Review
You Have Heard It Said
Caputo's What Would Jesus Deconstruct? sends us to take another look at Jesus.
Review by Bruce Ellis Benson | posted 2/11/2008 08:41AM
It's a nice idea to think you're doing what Jesus would do until you start to think about what Jesus actually would do and did. Would you really want your child ditching you without so much as asking in order to hang out with the religious leaders of the day? Or how about a son who says to his mother, "Woman, what concern is that to you and to me? My hour has not yet come" ()? If that's not enough, immediately after quoting Jesus saying just that, John describes a rather memorable incident in which Jesus turns up wielding a whip in the temple.
If it's never safe or predictable to ask what Jesus would do, it may be even riskier to ask what he would undo. Yet in What Would Jesus Deconstruct?, John D. Caputo charges boldly ahead. He continually reminds us that unpredictability is what characterizes Jesus' action throughout the Gospels. You never quite know what or how Jesus is going to deconstruct, since he takes on both the religious and political powers of his day.
Even though, according to Caputo, it's the Religious Right that has championed the WWJD question, he insists that if Jesus the Deconstructor were brought back to question the church today, he'd end up surprising rather than confirming those on the Right.
Caputo takes particular aim at the ecclesiastical establishment, whether Protestant or Roman Catholic, arguing that their claims of following Jesus have been all too easily assumed. Jesus constantly rebuked the religious establishment of his own day. For example, Jesus' stinging rebuke of the Pharisees was that they burdened the people by substituting their own laws for those of God: Jesus says, "For the sake of your tradition, you make void the word of God. You hypocrites!" (). These are strong words of deconstruction. And Matthew's Sermon on the Mount is full of Jesus' refrain, "You have heard that it was said
but I say to you." So Jesus was constantly deconstructing prevailing views regarding the law, as well as expectations about what the Messiah was to accomplish.

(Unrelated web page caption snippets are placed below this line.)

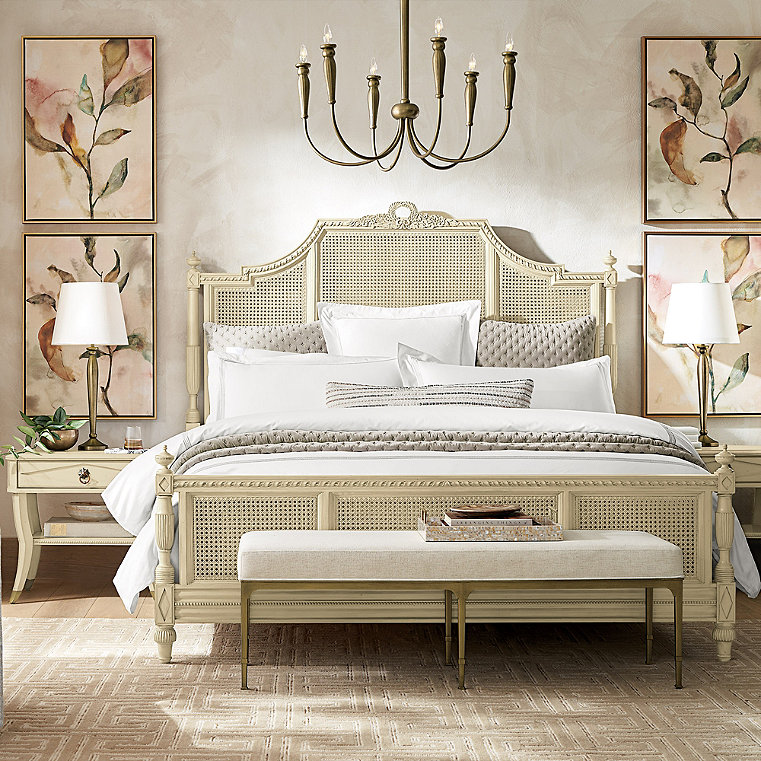 Beauvier Bedroom Set in French Linen - King, Bed, Two Nightstands - Frontgate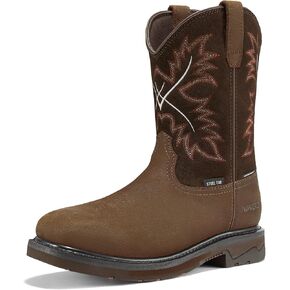 Cowboy Boots for Men, Waterproof Steel Toe Work Boots, Men's Square Toe Safety Boots with Oil Resistance & EH Protection, Anti Slip Western Boots, for Construction, Farming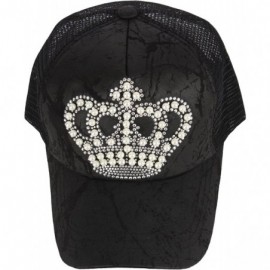 Baseball Caps Black Gold Silver Cubic Stud Metal Skull Club Punk Mesh Hat Trucker Ball Cap - C.crown-silver - CB182IHZH67 $21.84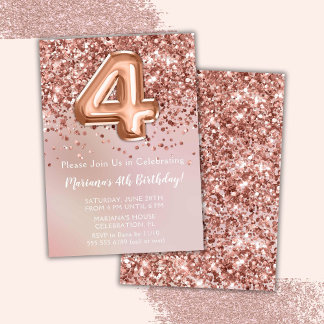Elegante Rose Gold Kinder Girl 4. Geburtstag Party Einladung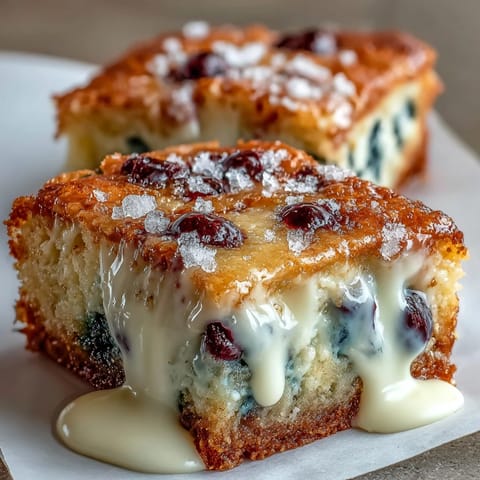 White chocolate lemon blueberry blondies with bursts of tangy citrus and sweet berries, baked until golden and chewy for a perfect spring dessert.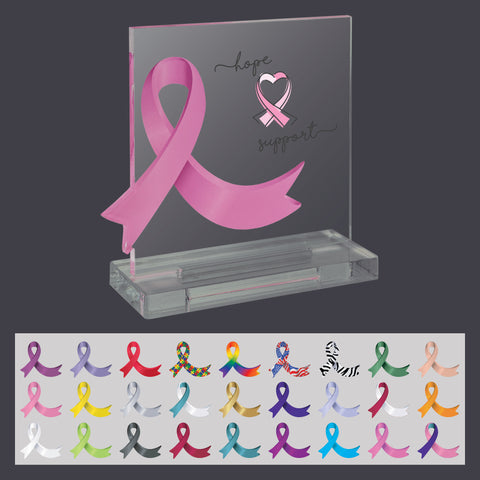 5" Square Custom Awareness Acrylic Award With Clear Acrylic Base.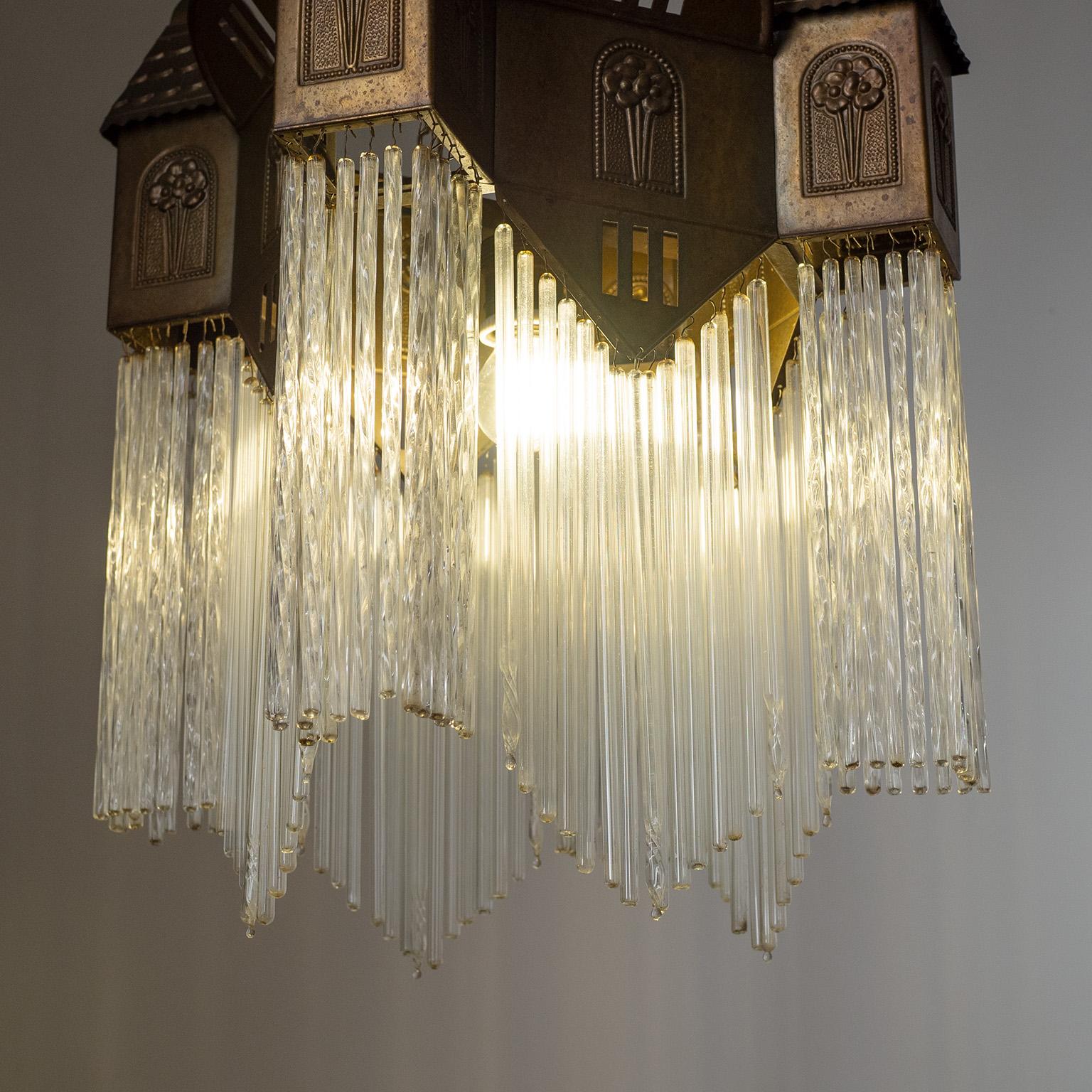 Arts and Crafts Brass and Glass Suspension Light, circa 1910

But wait: Isn't deconstruction the problem? I remember a chapel speaker at my institution who proclaimed that "deconstruction is the theory that says you can make texts mean anything you want them to mean." I admit that's a fairly standard definition of deconstruction, a French term resurrected and redefined by Jacques Derrida. Notoriously difficult to define, deconstruction is not a method or technique. Instead, insisted Derrida, it is the movement of truth coming to the surface. The movement itself is neither negative nor nihilistic, although there's no doubt that a great deal of mischief has been conducted under the banner of deconstruction, some of it simply silly and some downright evil.

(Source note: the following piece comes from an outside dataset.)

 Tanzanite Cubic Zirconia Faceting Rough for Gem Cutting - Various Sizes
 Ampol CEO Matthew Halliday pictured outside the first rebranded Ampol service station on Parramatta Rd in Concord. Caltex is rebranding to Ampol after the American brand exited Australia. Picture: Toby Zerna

But deconstruction in its simplest meaning is the breaking apart of concepts or texts that reveals their component parts and structure, and allows for reconstruction. Deconstruction questions assumed interpretations and the presumption of institutions to be the rightful arbiters of meaning. As to his own deconstructive readings, Jacques Derrida is a model if sometimes controversial reader, and Caputo follows his example.
Applied to Scripture, deconstruction would most helpfully take the form of, "This is what we always assumed that passage was saying, but let's take another look at it to see if our assumption is right."
Appropriately enough, Caputo begins with Charles Sheldon's late nineteenth-century novel In His Steps (with the subtitle "What Would Jesus Do?"). It's the story of a well-to-do congregation visited by a vagrant who arrives at the Sunday service one morning just after some particularly pious singing ("where he leads me I will follow") and a stirring sermon, and who asks the uncomfortable question: "What do Christians mean by following the steps of Jesus?" The visitor dies a few days later, but Pastor Maxwell is so taken by the question that he assembles a group of parishioners who all agree to do nothing for an entire year that isn't preceded by the WWJD question.